Je n’avais pas de boulot. La journée, j’étais donc plutôt très disponible. J’ai pris mon téléphone et je me suis mis à joindre toutes les compagnies aériennes locales. J’expliquais mon projet. Je suis plutôt à l’aise dans cet exercice parce que j’ai été commercial pendant plusieurs années. J’adore convaincre ! Au téléphone, je ne laissais aucun interlocuteur indifférent. J’expliquais que j’avais une demande un peu atypique mais que c’était très sérieux. Que j’avais un projet solide et que j’étais prêt à faire d’importants sacrifices pour réussir à le mettre en place. Le problème qui s’est rapidement présenté, c’est que pour des raisons de sécurité, il était impossible à une compagnie de faire monter à bord de parfaits inconnus, amateurs qui plus est. Je n’étais représenté par aucune boîte de production. C’était un peu trop léger. Je n’ai pas laissé tomber. Je me suis tourné vers des musées, j’ai tapé à toutes les portes, j’ai essayé de remuer la terre entière. En parallèle, je bossais sur mon scénario pour l’améliorer. Tout le monde s’est montré à chaque fois désolé de ne pas pouvoir répondre favorablement à ma demande. En petit chien de chasse, je n’ai pas lâché le morcif. J’ai insisté jusqu’à avoir l’impression d’avoir tout tenté. Tout ? Un copain me souffla une idée alors que je commençais à me rendre à l’évidence : il allait peut-être falloir tourner ça sur un fond vert et abandonner l’idée d’un vrai avion. Il me demanda si j’avais pensé aux écoles d’aéronautique de la région. C’était une idée si brillante que je n’y avais pas du tout pensé. Il y en avait deux. Le lendemain, je me pointais avec mon scénario dans l’une des deux. Après une présentation de mon projet à l’une des responsables, on me proposait de rencontrer la direction de l’école pour exposer mon projet. Il y avait une brêche, il fallait que ça le fasse. Je préparais mentalement ce que j’avais à dire. Et devant trois inconnus, je racontais mon film, mon projet et mes différentes démarches. Je ne sais pas si c’est ma petite tronche de poupon ou encore mon énergie mais je ressortais du bureau avec un accord de principe. Quelques jours plus tard, je signais une convention pour officialiser notre accord : j’avais obtenu un avion de ligne. Gratuitement !
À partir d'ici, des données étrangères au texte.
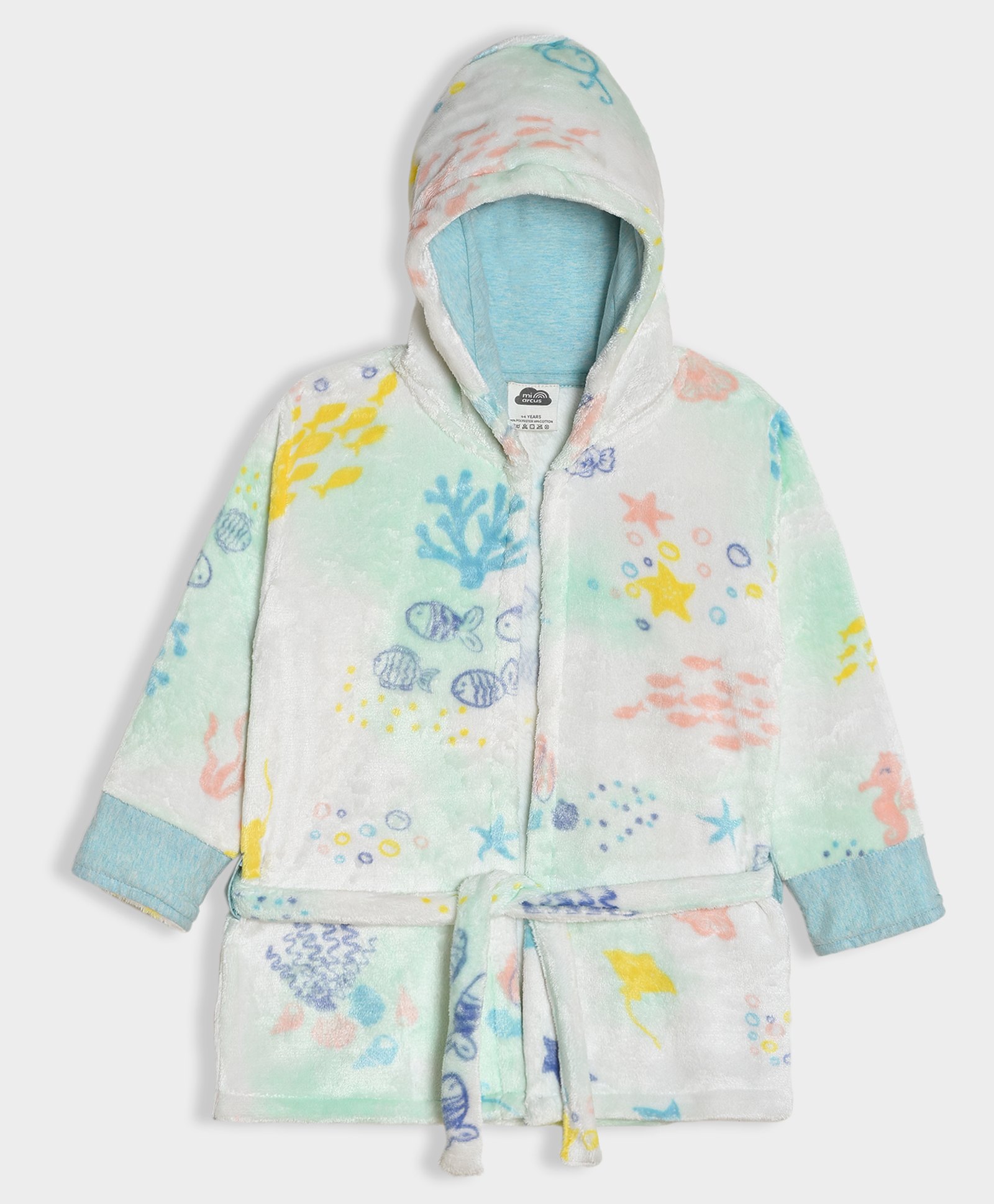 Mi Arcus Full Sleeves Sea Life Printed Hooded Bathrobe - Multi Colour-picture-19
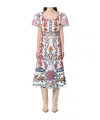 Farm Rio Midi Linen Dress With Multi-coloured Print In Multicolor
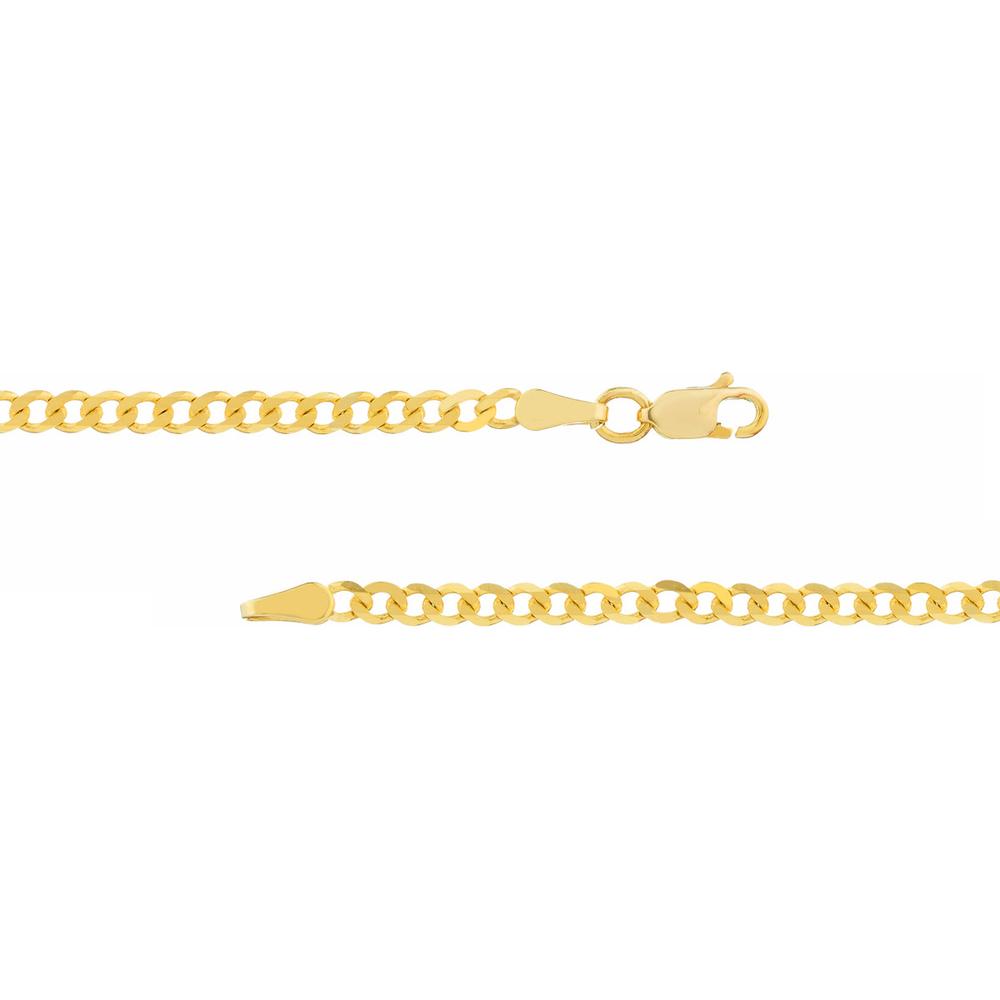 Olas d'Oro - 14K Yellow Gold Block Nameplate Necklace with 2.7mm Curb Chain - 6.90 Grams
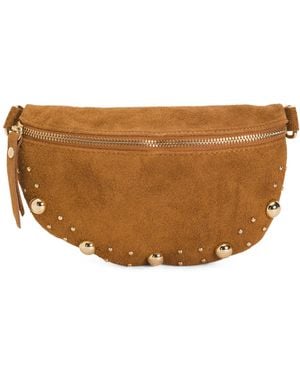 TJ Maxx Suede Almond Mix Tone Studded Pouch For /Suede - Brown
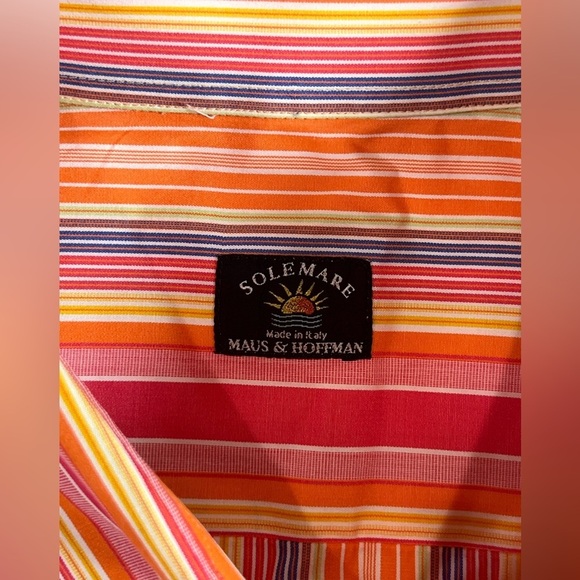 Maus & Hoffman Solemare XL Striped Button Down Shirt - Multicolor Summer Beach - Picture 3 of 11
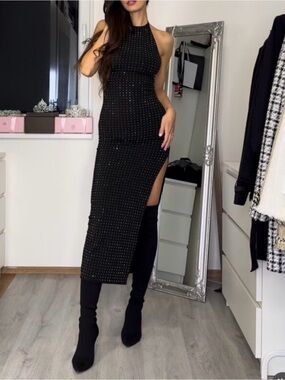 Zara Black Sleeveless Dress with Colorful Dots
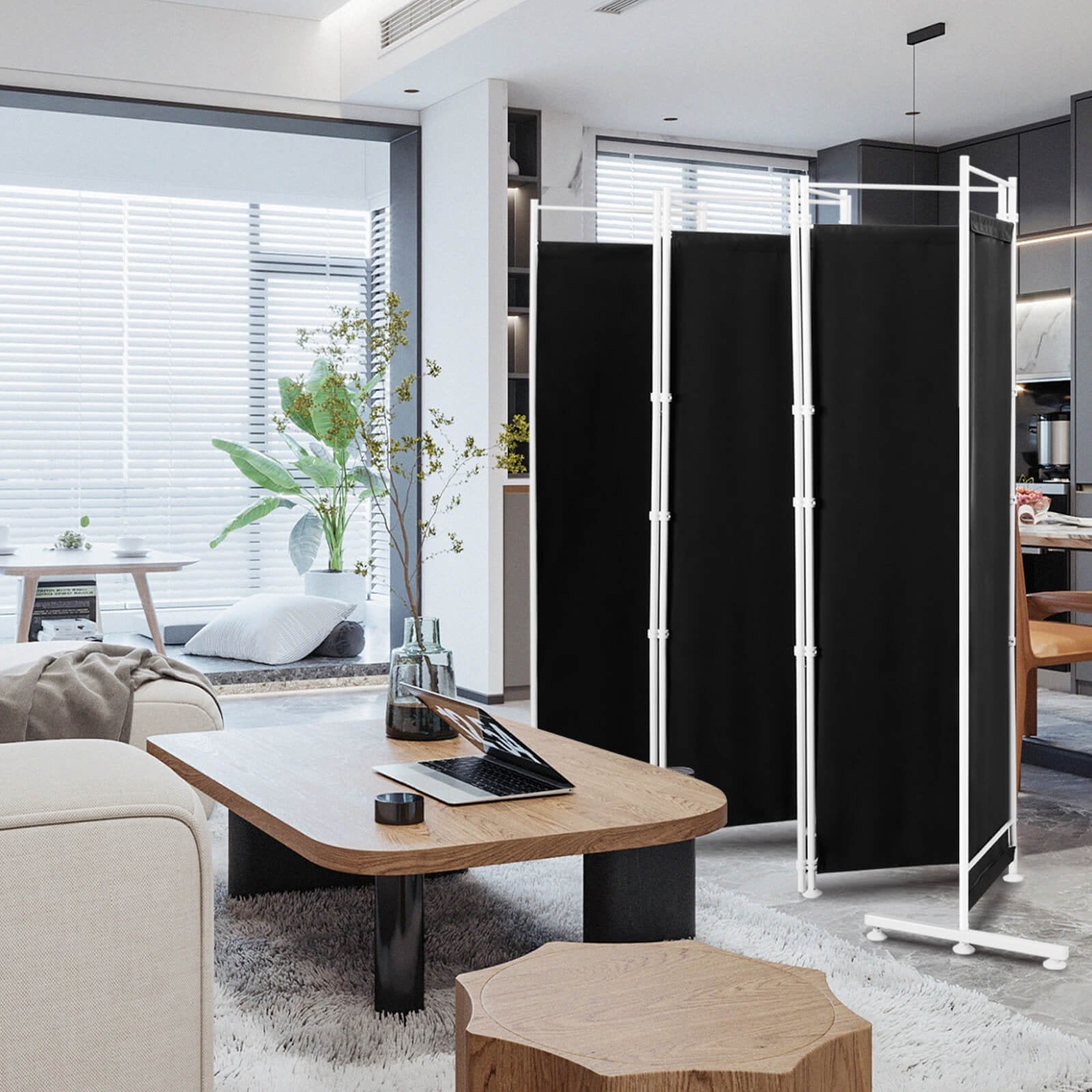 6-Panel Room Divider Folding Privacy Screen , Black Room Dividers   at Gallery Canada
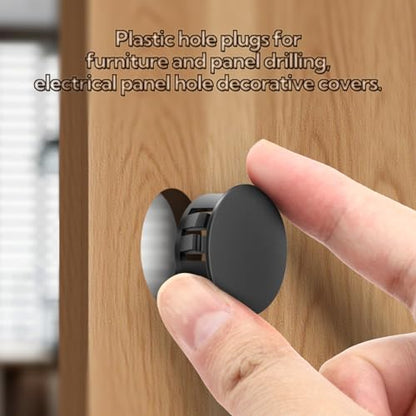 50PCS 1" Plastic Plugs Hole, Cabinet Hole Decorative Covers, Black Plastic Plugs for Round Furniture Holes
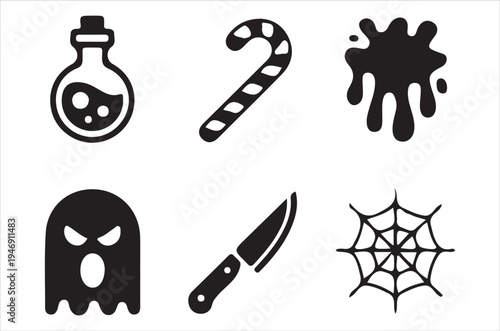Halloween icons featuring a potion candy cane ghost and spiderweb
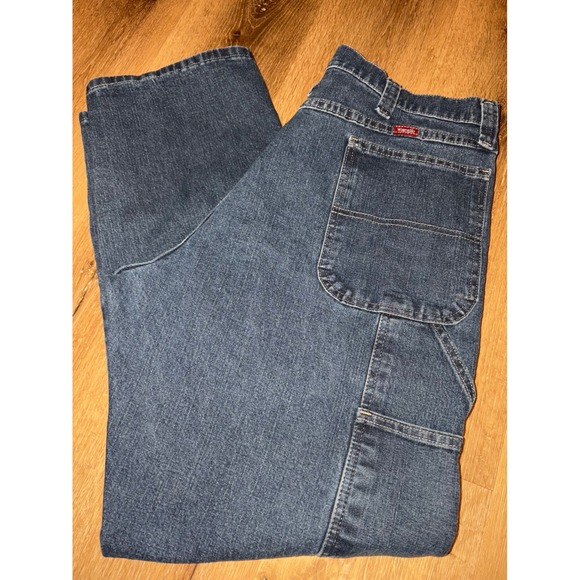 Wrangler Carpenter Jeans Mens 38x32 Relaxed Fit Blue Denim Workwear Pants - Picture 1 of 5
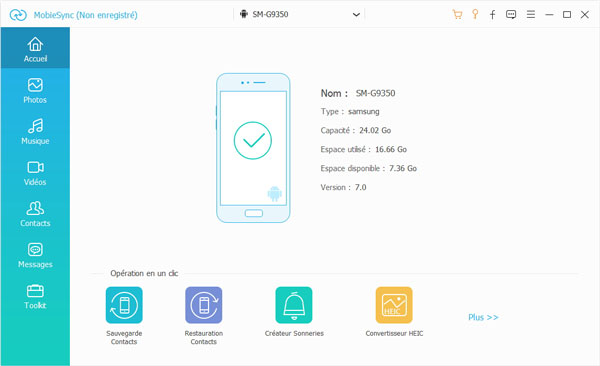 Connecter Android à MobieSync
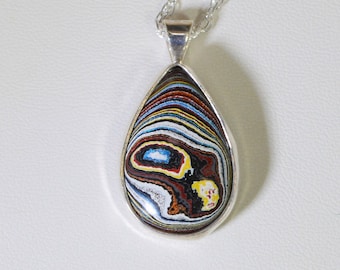 Fordite Necklace, Solid Silver, Vette Fordite, Fordite Jewelry, Fordite Teardrop Silver Necklace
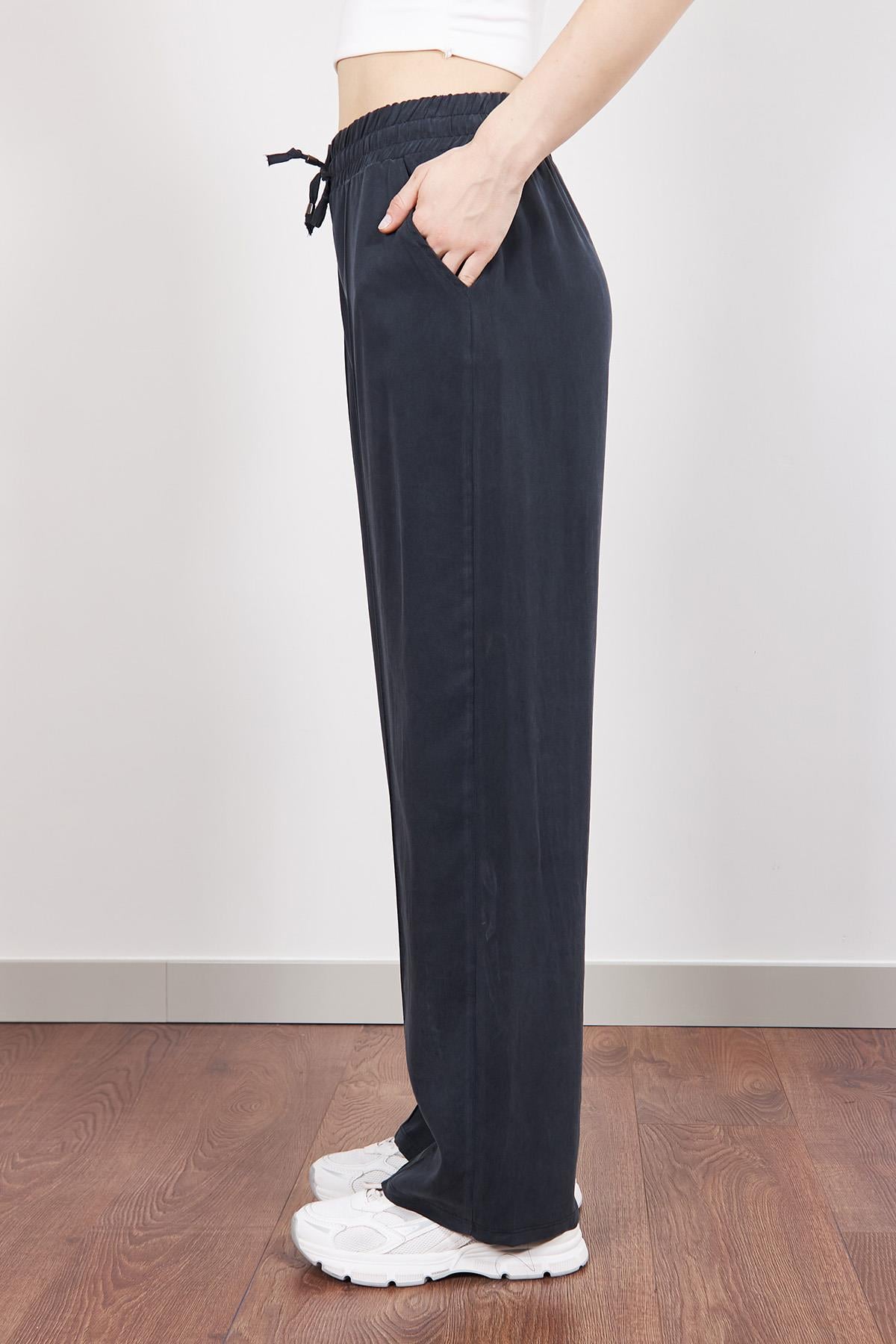 Antrasit MD Beli Lastikli Tencel Palazzo Pantolon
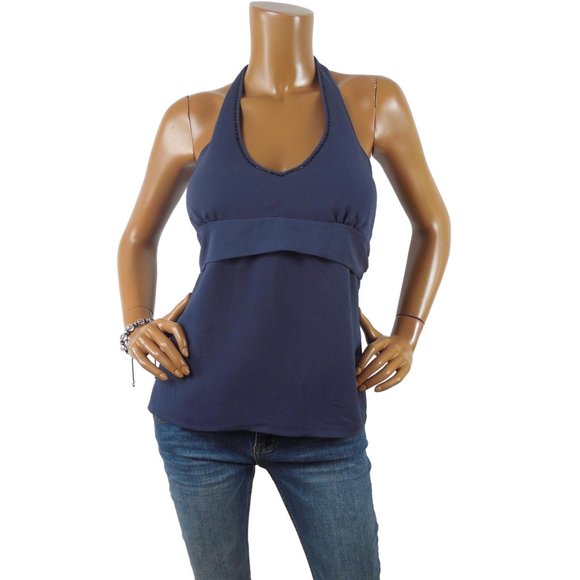 Old Navy Tops - OLD NAVY M Halter Top NWT Beads Lined Chiffon V-Neck Ties In Back Navy Blue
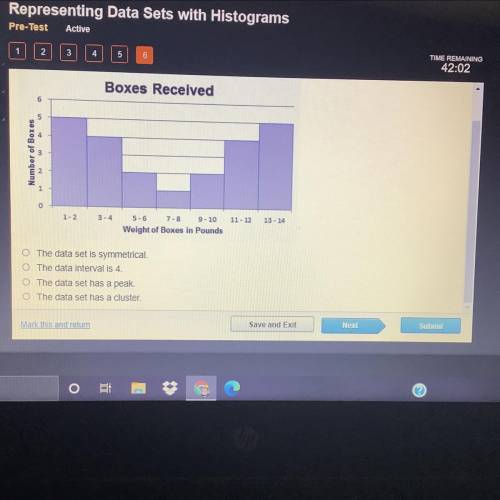 What is the best description of the data in the histogram

A The data is set symmetrical 
B The da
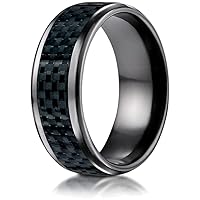 Black Titanium 8mm Comfort Fit Wedding Band/Ring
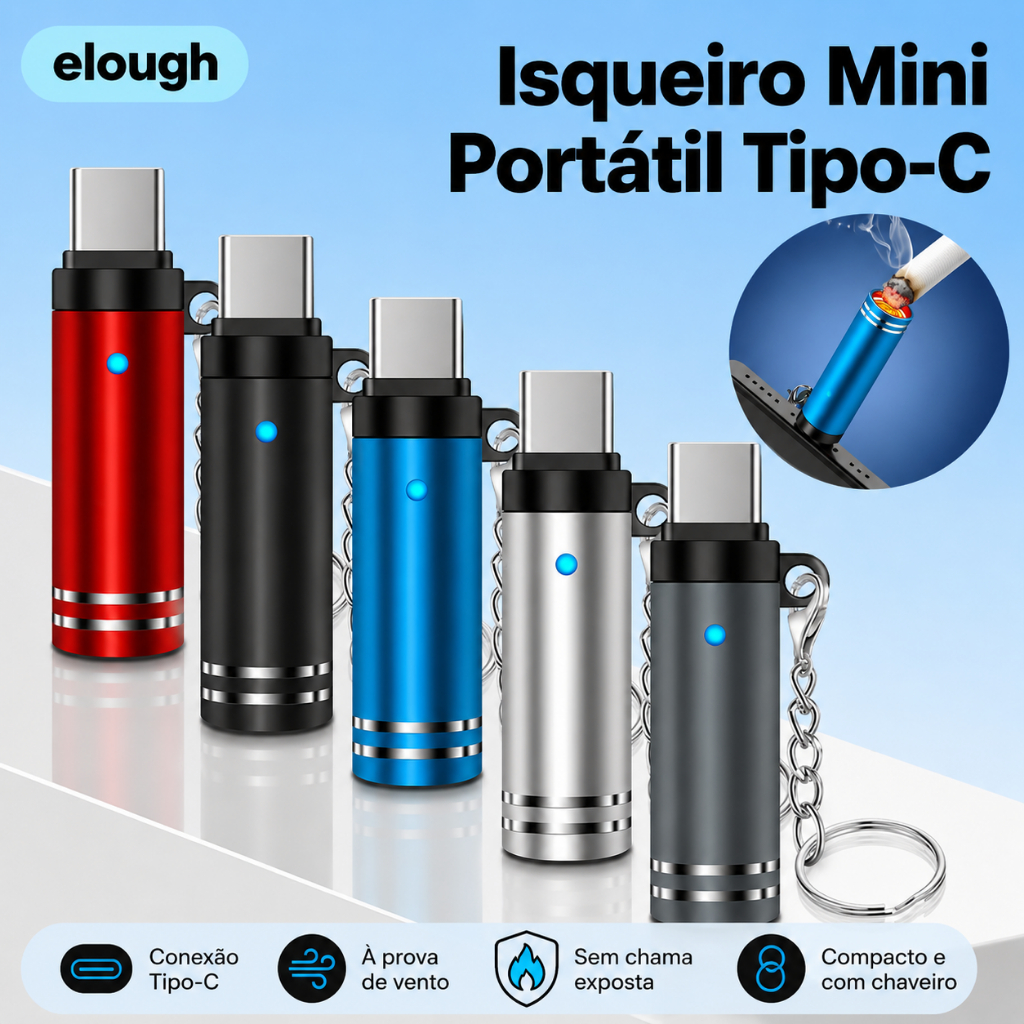 Mini Isqueiro Acendedor Elétrico Portátil Sem Fio Para Celular Tipo C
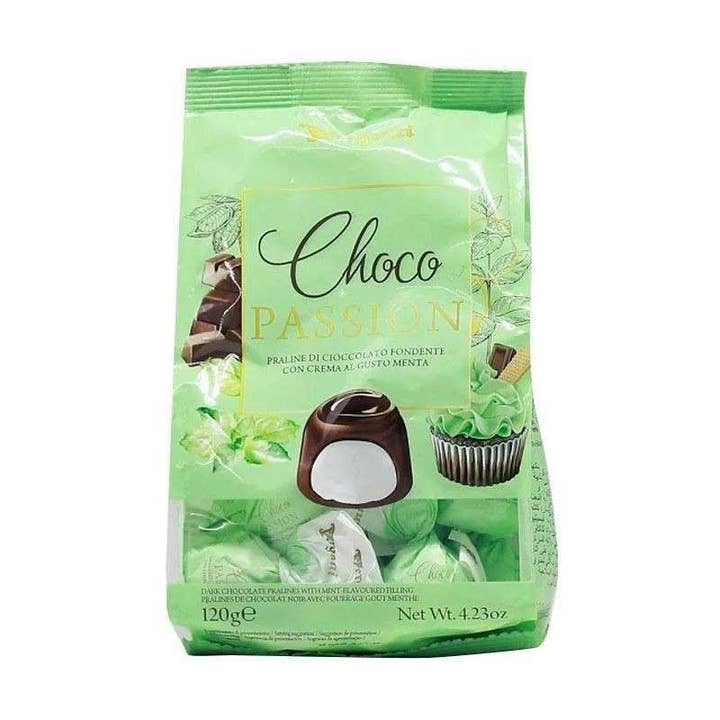 Global Bite Co - Wholesale Chocolate Covered Sweets - Vergani Choco Passion Dark Chocolate Pralines w/ Mint 120g (Italy)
Ce film, mon premier court métrage que tu peux visionner ci-dessous, je le trouve plein de défauts. Le son, mon interprétation, quelques bugs dans les effets spéciaux, il y a beaucoup de choses à redire. Mais ce que j’aimerai que tu retiennes surtout de ma petite histoire, c’est que lorsque l’on est déterminé, on finit toujours par atteindre ses objectifs. Il suffit d’y croire et de persévérer. N’hésite pas à me raconter en commentaire un objectif qui te tenait à cœur et que tu as réussi à atteindre. Je suis persuadé que ça inspirera celles et ceux qui ne se sentent pas capables d’avancer dans la direction des rêves qui leur tiennent à cœur…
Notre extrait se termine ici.